[[ EXTRACTED ENTRIES, beginning ]]

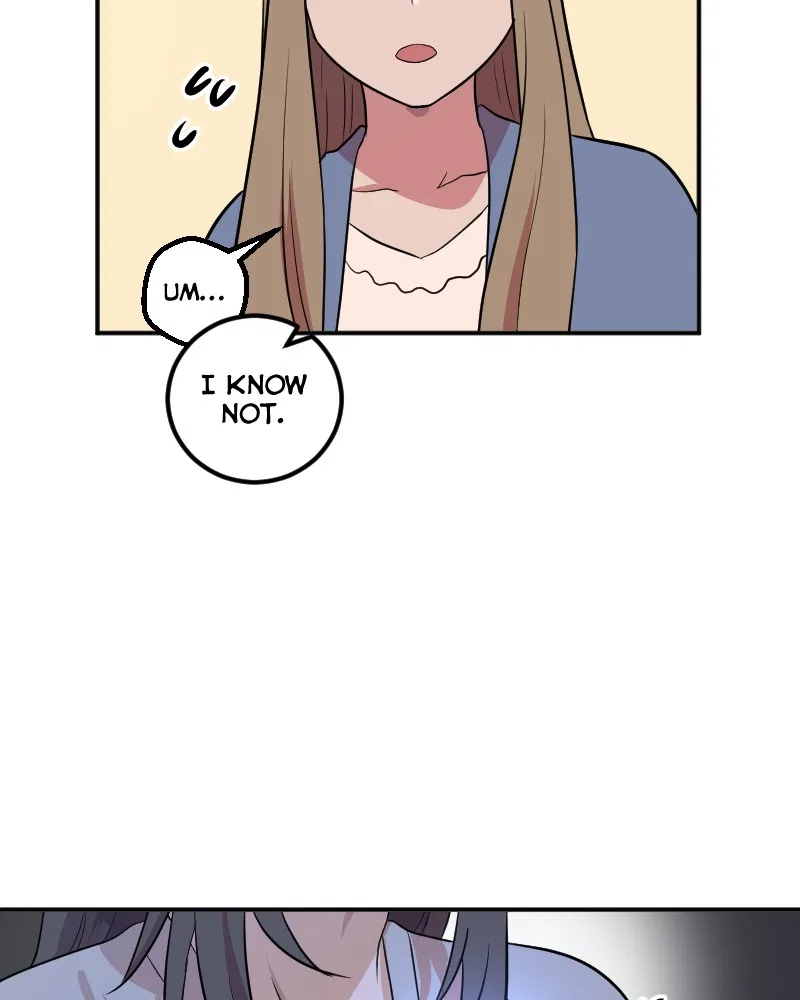 Atelier on the Sunflower Hill Chapter 38 – Page 80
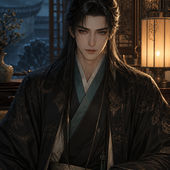 characterProfile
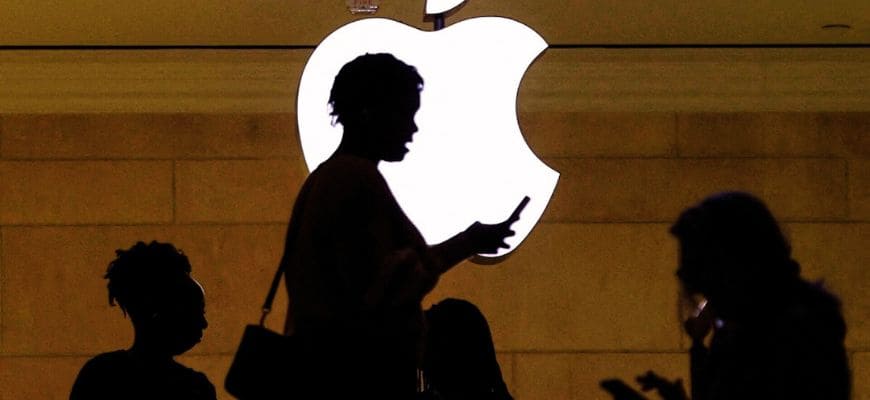 من الوصم إلى الوسم: طقوس العبور في العصر الرقمي نحو مقاربة أنثروبولوجية في التقنية والمقدس المعاصر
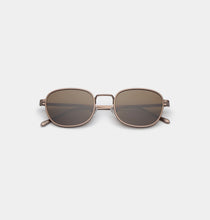 Load image into Gallery viewer, A. KJÆRBEDE | Hello | Matte Brown - LONDØNWORKS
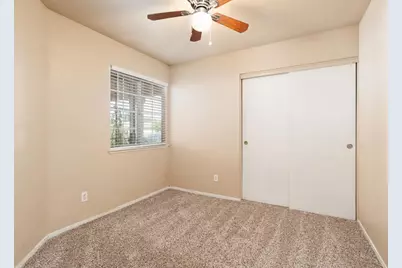 5649 W Norwich Avenue, Fresno, CA 93722 - Photo 25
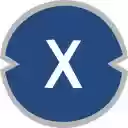 XDCPay  screen for extension Chrome web store in OffiDocs Chromium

[[ EXTRACTED ENTRIES, end ]]

__WHAT YOU NEED TO DO__
Every line above should be printed again word for word, without its pictures.

__RESULT OF THIS TASK__
 Atelier on the Sunflower Hill Chapter 38 – Page 80
 characterProfile
 من الوصم إلى الوسم: طقوس العبور في العصر الرقمي نحو مقاربة أنثروبولوجية في التقنية والمقدس المعاصر
 Load image into Gallery viewer, A. KJÆRBEDE | Hello | Matte Brown - LONDØNWORKS
 5649 W Norwich Avenue, Fresno, CA 93722 - Photo 25
 XDCPay  screen for extension Chrome web store in OffiDocs Chromium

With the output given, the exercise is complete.